A: Pink Floyd — Division Bell, 1994. I was a senior in high school, and my friends and I just got our licenses and were just able to go out on our own. It was just as much a freeing experience as it was anything else. It was at Three Rivers Stadium. We all bought tickets, and we all asked our parents, we had a curfew and stuff, and everybody was really responsible. We were really there for the music, just to be close to the band and to see the history of everything. I think music is the soundtrack of people’s lives and as cliche as that sounds, it really is. And for us at that time, that was where we were, and it was a perfect time to go with all of my friends.
Q: If you could have any other exotic pet, what would it be?

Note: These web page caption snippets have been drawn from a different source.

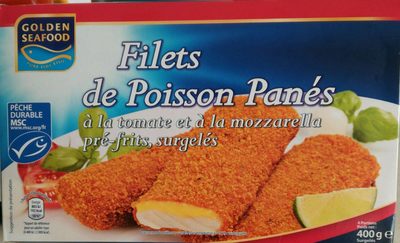 Filet de poisson panés tomates et mozzarella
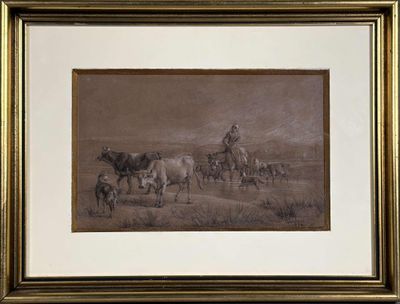 tableau représentant un homme à cheval gardant un troupeau de bovins dans un champ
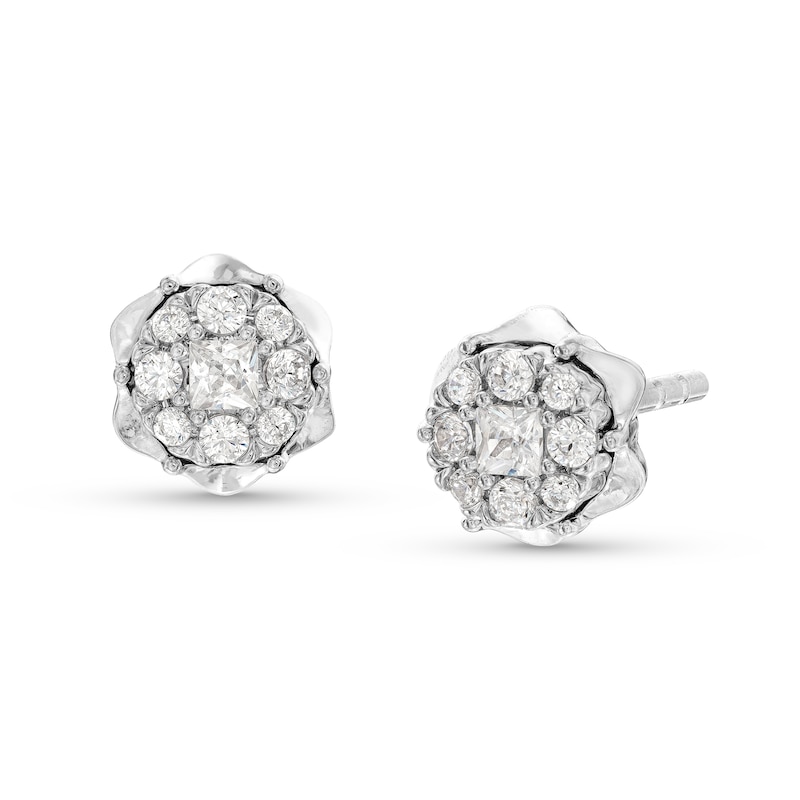 Main Image 1 of 1/5 CT. T.W. Multi-Diamond Scallop Frame Stud Earrings in 10K White Gold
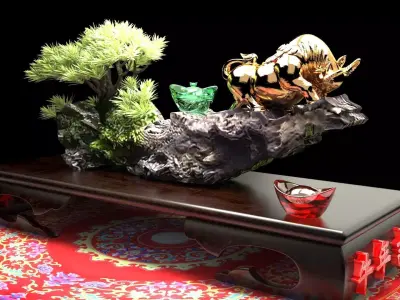 chinese gold ingot and bull  3D model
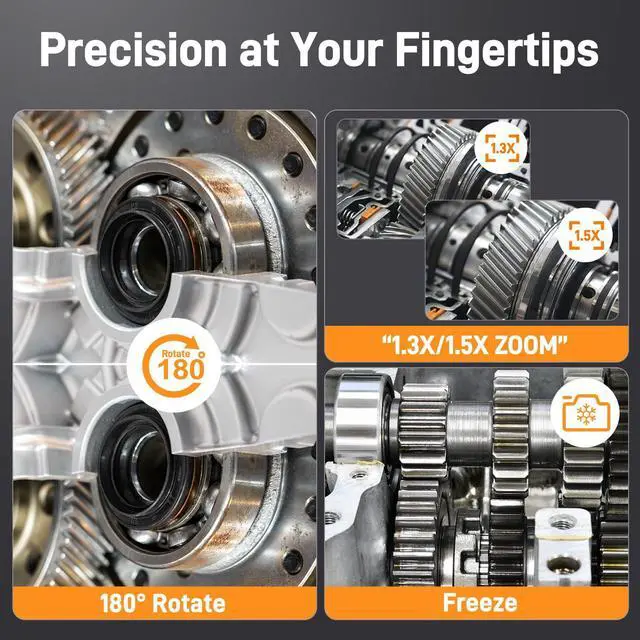 Alt view image 4 of 7 - Teslong Dual Lens Endoscope with Light, Mechanic Borescope Inspection Camera, Fiber Optic Scope, Flexible Snake Probe for Automotive, HVAC, Wall & Home Inspections (16.5FT)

A: I have owned exotic pets. I do believe that all animals should be free, but if it wasn’t constraining, I would like a platypus, that would be fun. But Platypus have stingers. Did you know they have stingers on their hind claws? The venom is extremely poisonous. Yeah, so probably a giraffe. My wife and I support a giraffe in Africa, we get to track its movements. Oh my gosh, a baby giraffe would be great. I could bring him to school with me every day. When he gets bigger, he can be in the lobby.
Q: If you could meet someone dead or alive for 30 minutes, who would it be? What would you talk about?

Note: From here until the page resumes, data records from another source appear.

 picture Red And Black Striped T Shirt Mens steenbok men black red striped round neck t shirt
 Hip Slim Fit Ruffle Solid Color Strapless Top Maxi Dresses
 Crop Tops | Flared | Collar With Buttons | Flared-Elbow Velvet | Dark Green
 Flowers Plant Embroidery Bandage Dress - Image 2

A: Jimi Hendrix. I just think he was so innovative for his time. He really changed the instrument of the guitar, but, moreover, he was a very humble human being. He also did time in the service. He was from the Pacific Northwest. I would like to know if he believes in Sasquatch, or if that was even around during the 50s when he lived there. I always found him to be a very humble and interesting person. People see him as being one of the best guitar players of all time, and as a matter of fact, every guitar player has been emulating him all these years, but he always pointed out other people who he thought was a better guitar player. He’s like, I make mistakes all the time. I think the great thing about that is when we accept the fact that we make mistakes all the time, we can still be great because we learn from it.
Q: What advice would you give to your younger self?
A: There’s a lot. I think when students are younger, they don’t see life as a long game, and that’s what it is. I think my advice to myself would be, it’s a long game and everything’s going to be alright. Lock in and do what you’re supposed to do.